Double blind techniques are used to prevent reporting and collection bias
when
the sample has already been selected, and that doesn't apply here.
Randomness
is important here, and that is where CR's surveys are most seriously
deficient.
Nor does it matter who complains about what survey; the real problems remain
with CR's methodology.
In your example of transmission problems, we can see how that works. If ten
percent of Camry owners are interested in responding to the survey, and of
those 30% are interested because they had transmission problems while the
rest are interested because they loved their car so much or they had some
other complaint, the result would be to magnify the transmission problem
from as little as 3% in the real world to 30% in the survey results because
30% of respondents (not owners) complained about their transmissions.
Conversely, if 90% of Taurus owners felt compelled to respond because there
were daggers embedded in the driver's seat (seating comfort = poor) but only
5% of those had transmission problems, the survey results would be as you
describe... although the reality would be that the Camry transmission
failure rate was as little as half the Taurus rate rather than six times as
high. This is an example of ascertainment bias
http://en.wikipedia.org/wiki/Ascertainment_bias
We can't even say what the actual rate was for Camrys even though we
know - as CR does not - only 10% of Camry owners responded, because we don't
know what the other 90% experienced. Did they have no complaints at all, or
did a lot of them have transmission trouble and were tired of dealing with
it? As long as we don't know why the responses were sent and the rate
of response for the various models there is no valid data to be had.

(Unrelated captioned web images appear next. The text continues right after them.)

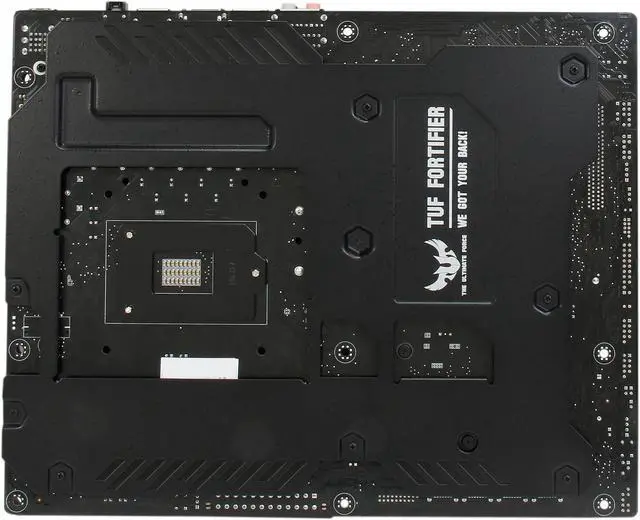 Alt view image 4 of 5 - ASUS TUF SABERTOOTH Z87 LGA 1150 Intel Z87 HDMI USB 3.0 ATX Intel Motherboard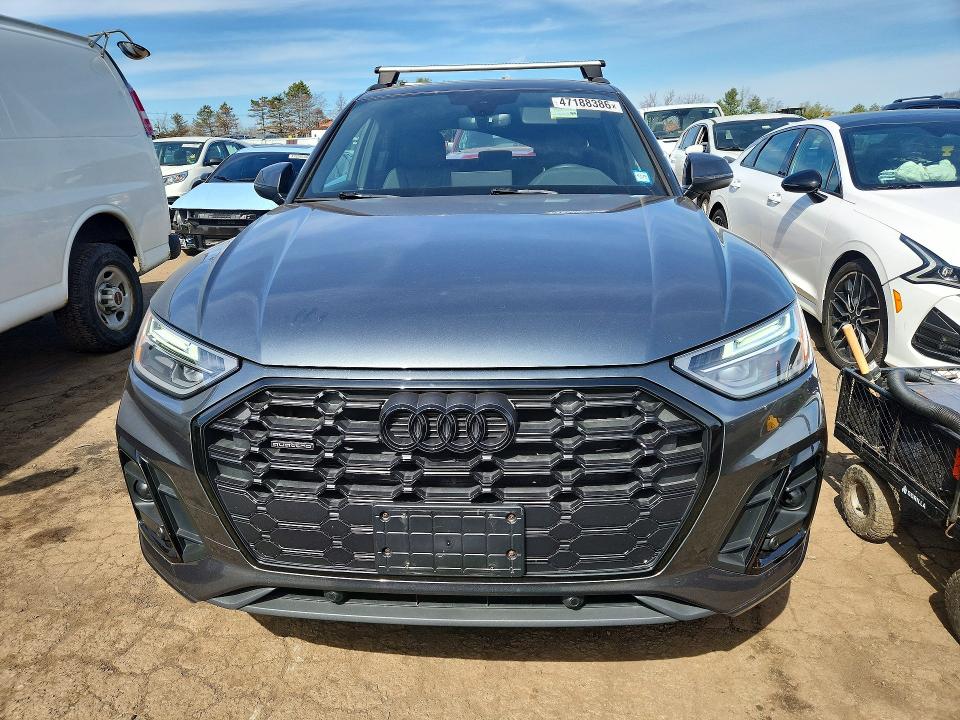 Продаж на аукціоні авто 2024 Audi Q5, vin: WA1GAAFY2R2125012, номер лоту: 47188386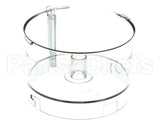 117900S Robot Coupe R100 Cristal Bowl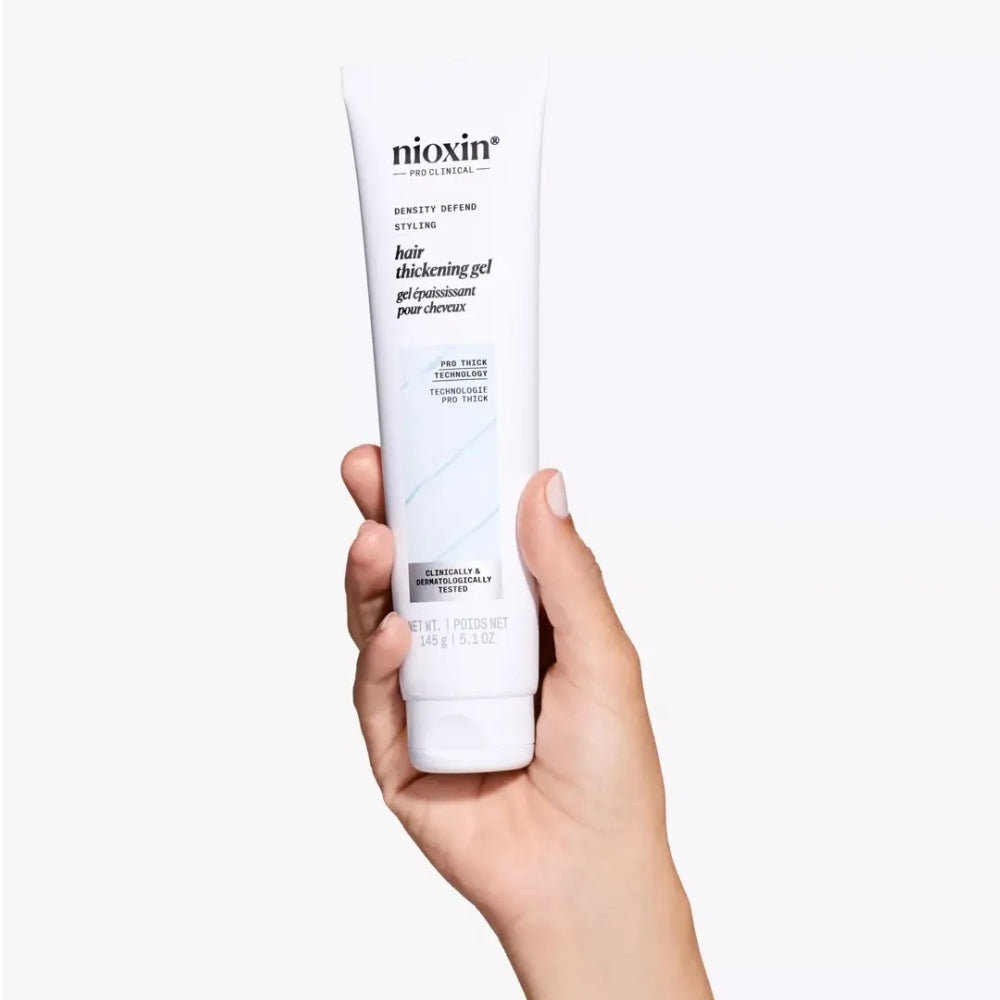 Density Defend Styling Hair Thickening Gel - For Hair With More Volume and Body (145g/5.1oz)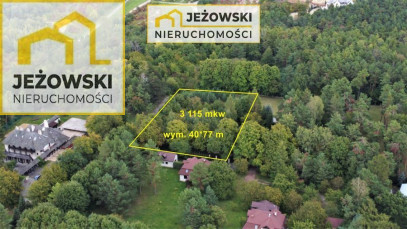 Działka Sprzedaż Kazimierz Dolny Albrechtówka
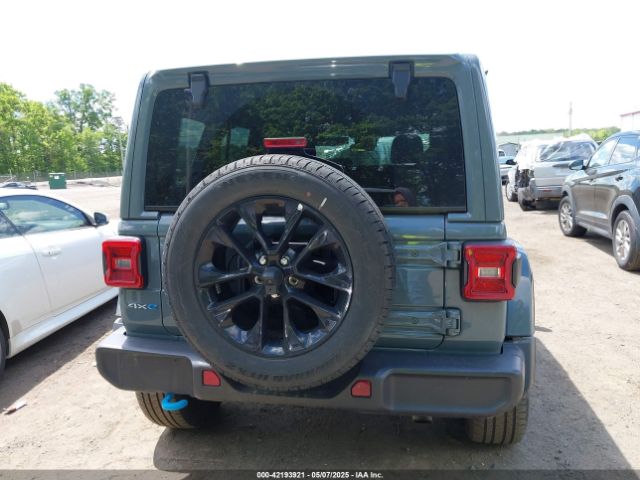 1C4RJXP68RW270112 Jeep Wrangler 4xe Sahara 4xe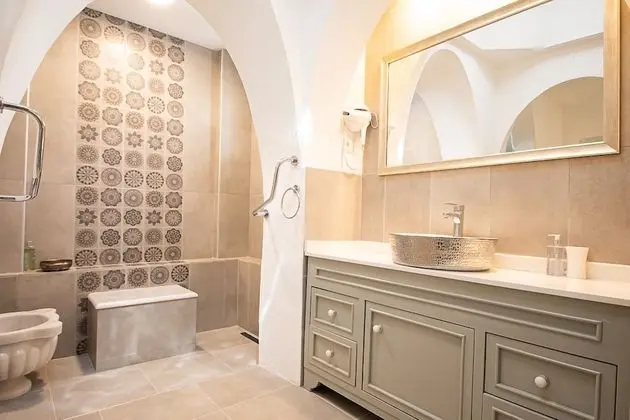Deluxe Suite, Sea View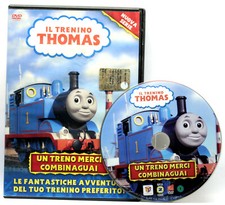 IL TRENINO THOMAS UN TRENO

Check out http://en.wikipedia.org/wiki/Selection_bias and
http://en.wikipedia.org/wiki/Self-selection for more. In the first link, the
heading "Overcoming selection bias" warns, "In the general case, selection
biases cannot be overcome with statistical analysis of existing data
alone..."
Anyway, to each his own. When I have occasionally looked at CR's predictions
for cars I have owned I have been struck by how far off base they usually
were (although they got pretty close to my experience once!) And to give
them their due, when a problem is as pervasive as the AC and tranny failures
were for the 1993 and 1994 Volvo 850s they picked up on that. If you want to
credit them you can. Personally, I regard the CR surveys as not worth my
attention. I have access to a dartboard that is as reliable.